**Activity**
Each line from the one holding "移転直前の東京メトロ銀座線　渋谷駅から乗車して" to the last line of the listing must be set down exactly. No pictures are to be included.

---

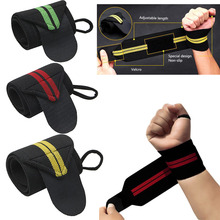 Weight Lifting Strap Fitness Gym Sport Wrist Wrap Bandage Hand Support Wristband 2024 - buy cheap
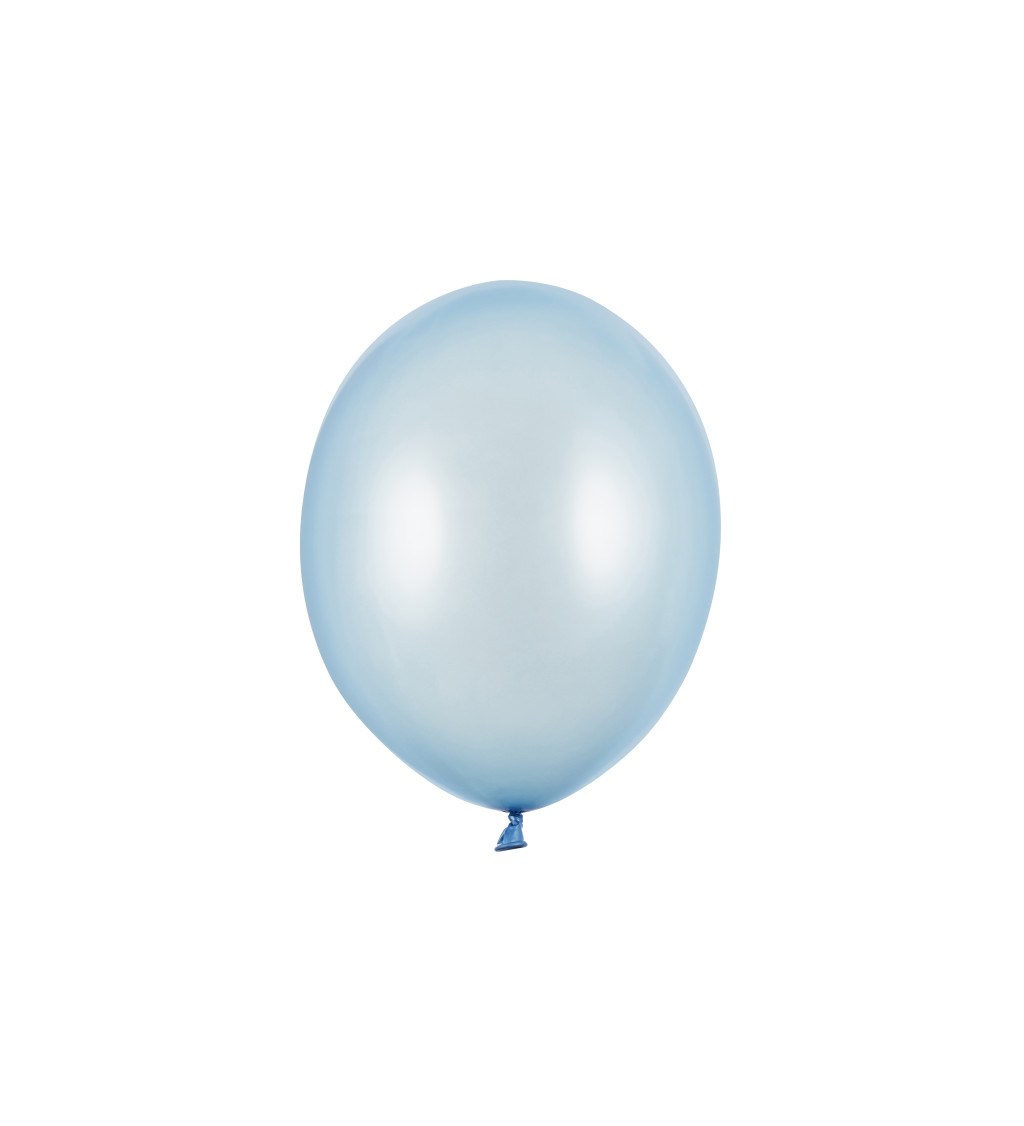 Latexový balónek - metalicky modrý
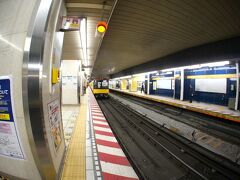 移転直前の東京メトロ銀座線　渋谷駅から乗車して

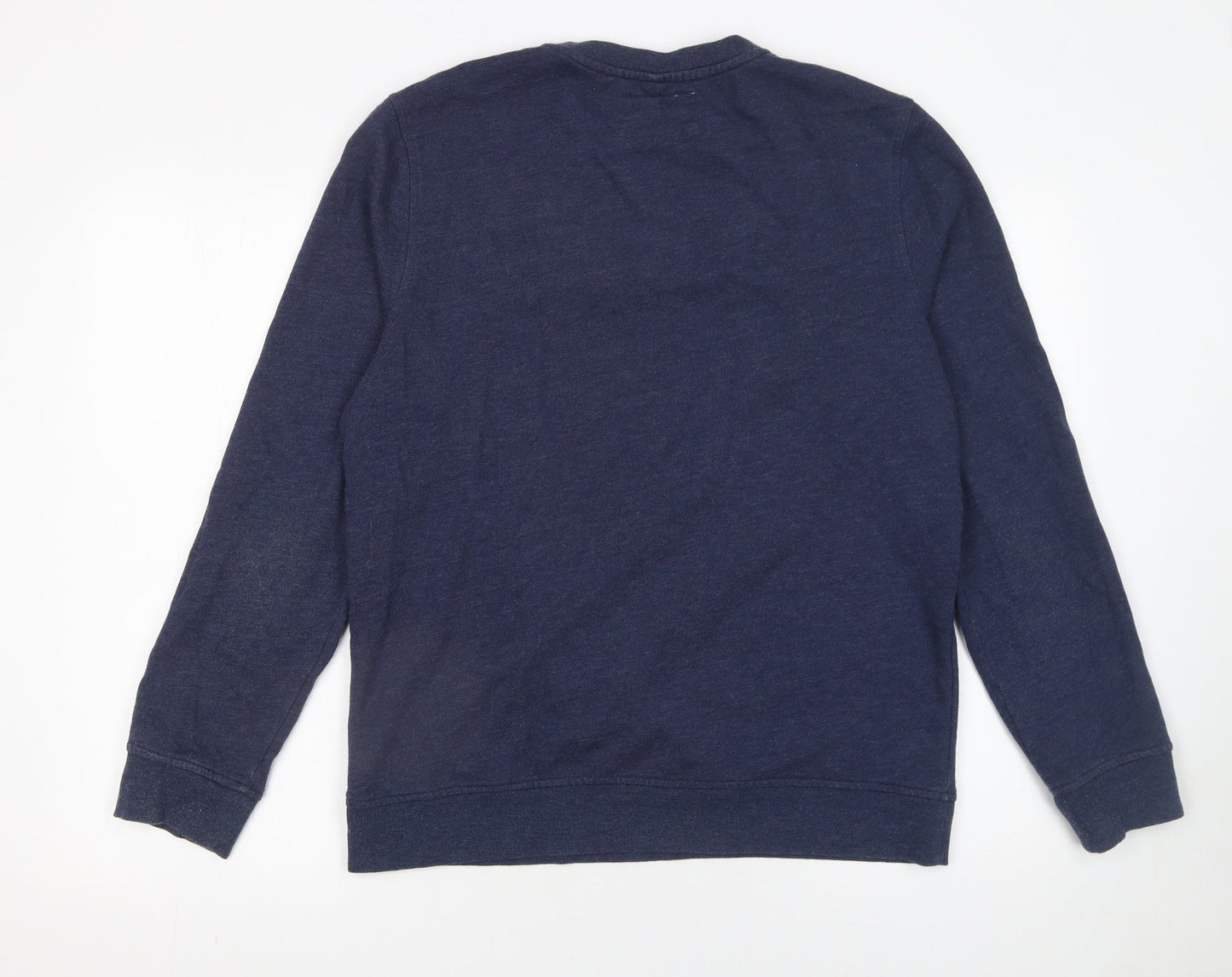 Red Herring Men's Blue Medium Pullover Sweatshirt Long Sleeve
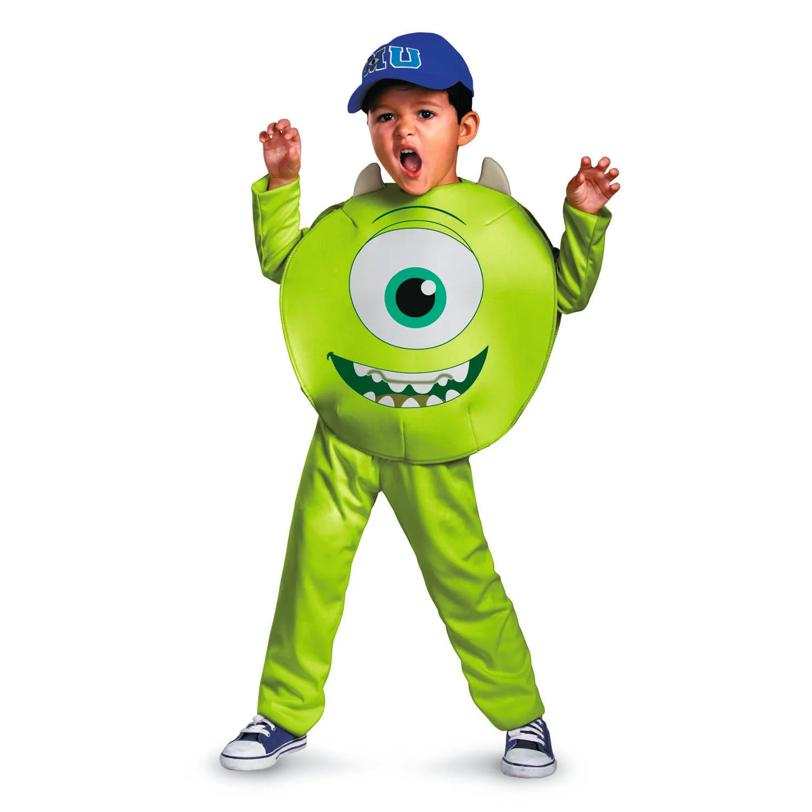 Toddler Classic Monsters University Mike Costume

---

**Solution**
 移転直前の東京メトロ銀座線　渋谷駅から乗車して

 Red Herring Men's Blue Medium Pullover Sweatshirt Long Sleeve
 Toddler Classic Monsters University Mike Costume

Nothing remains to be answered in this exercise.